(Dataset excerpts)

□ □ □ □ □

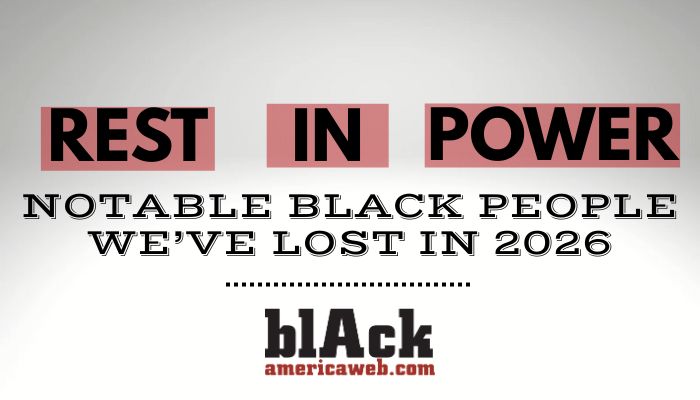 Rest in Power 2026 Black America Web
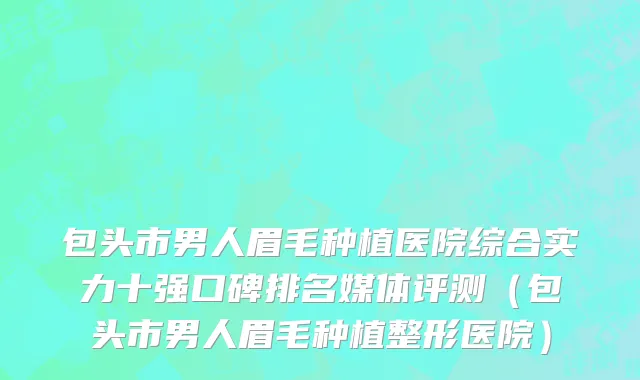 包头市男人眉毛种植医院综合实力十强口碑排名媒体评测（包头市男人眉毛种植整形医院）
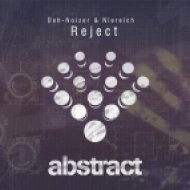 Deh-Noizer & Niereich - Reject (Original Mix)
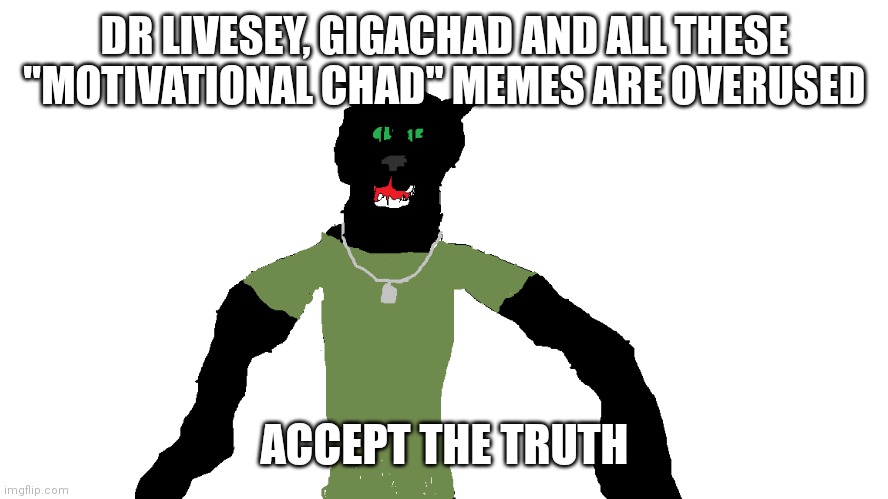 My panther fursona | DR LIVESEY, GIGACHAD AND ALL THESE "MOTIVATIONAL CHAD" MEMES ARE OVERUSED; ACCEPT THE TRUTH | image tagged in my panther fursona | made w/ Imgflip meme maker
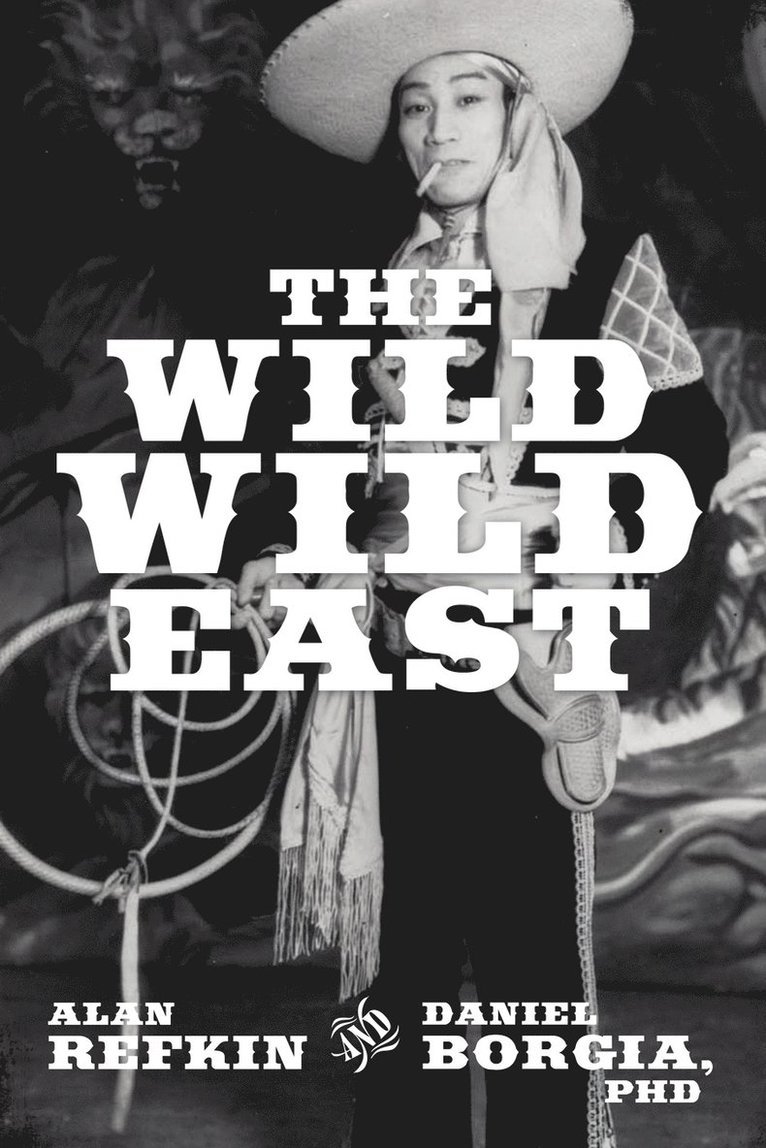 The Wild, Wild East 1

□ □ □ □ □

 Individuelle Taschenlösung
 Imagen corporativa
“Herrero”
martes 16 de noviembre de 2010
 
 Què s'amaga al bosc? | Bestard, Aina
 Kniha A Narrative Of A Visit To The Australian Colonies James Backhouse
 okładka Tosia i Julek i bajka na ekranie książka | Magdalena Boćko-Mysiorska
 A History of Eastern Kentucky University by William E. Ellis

□ □ □ □ □

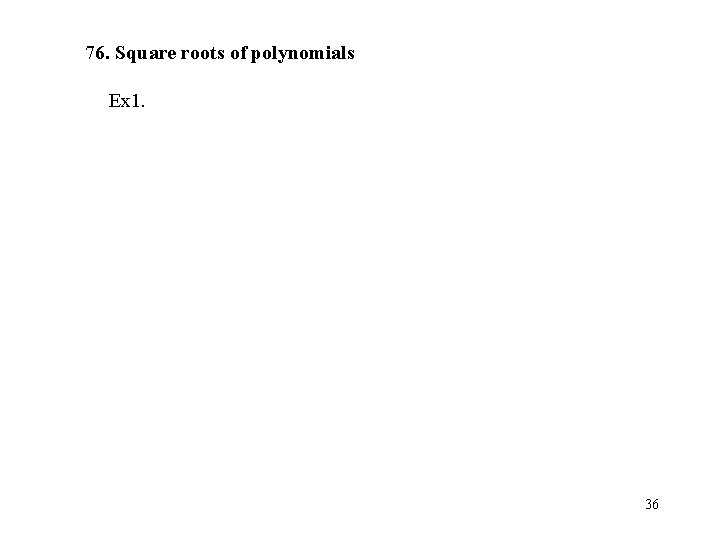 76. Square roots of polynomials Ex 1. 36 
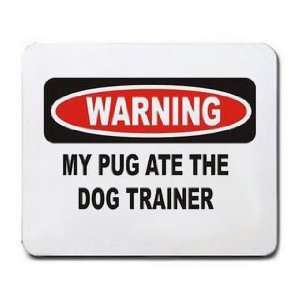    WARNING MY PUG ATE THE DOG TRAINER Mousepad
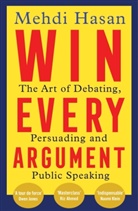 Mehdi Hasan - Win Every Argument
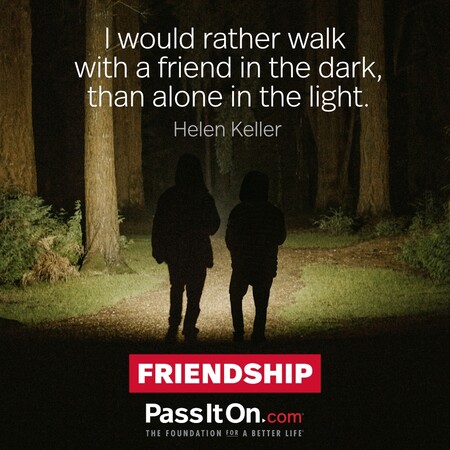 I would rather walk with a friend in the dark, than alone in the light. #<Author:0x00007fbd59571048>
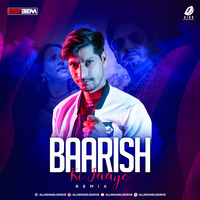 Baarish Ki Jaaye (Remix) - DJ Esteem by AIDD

□ □ □ □ □

With the pictures omitted, restate word for word the lines above from the line that has "Rest in Power 2026 Black America Web" up to and including the line that has "The Wild, Wild East 1", and no other lines.

 Rest in Power 2026 Black America Web
 包头市男人眉毛种植医院综合实力十强口碑排名媒体评测（包头市男人眉毛种植整形医院）
 Deh-Noizer & Niereich - Reject (Original Mix)
 My panther fursona | DR LIVESEY, GIGACHAD AND ALL THESE "MOTIVATIONAL CHAD" MEMES ARE OVERUSED; ACCEPT THE TRUTH | image tagged in my panther fursona | made w/ Imgflip meme maker
 The Wild, Wild East 1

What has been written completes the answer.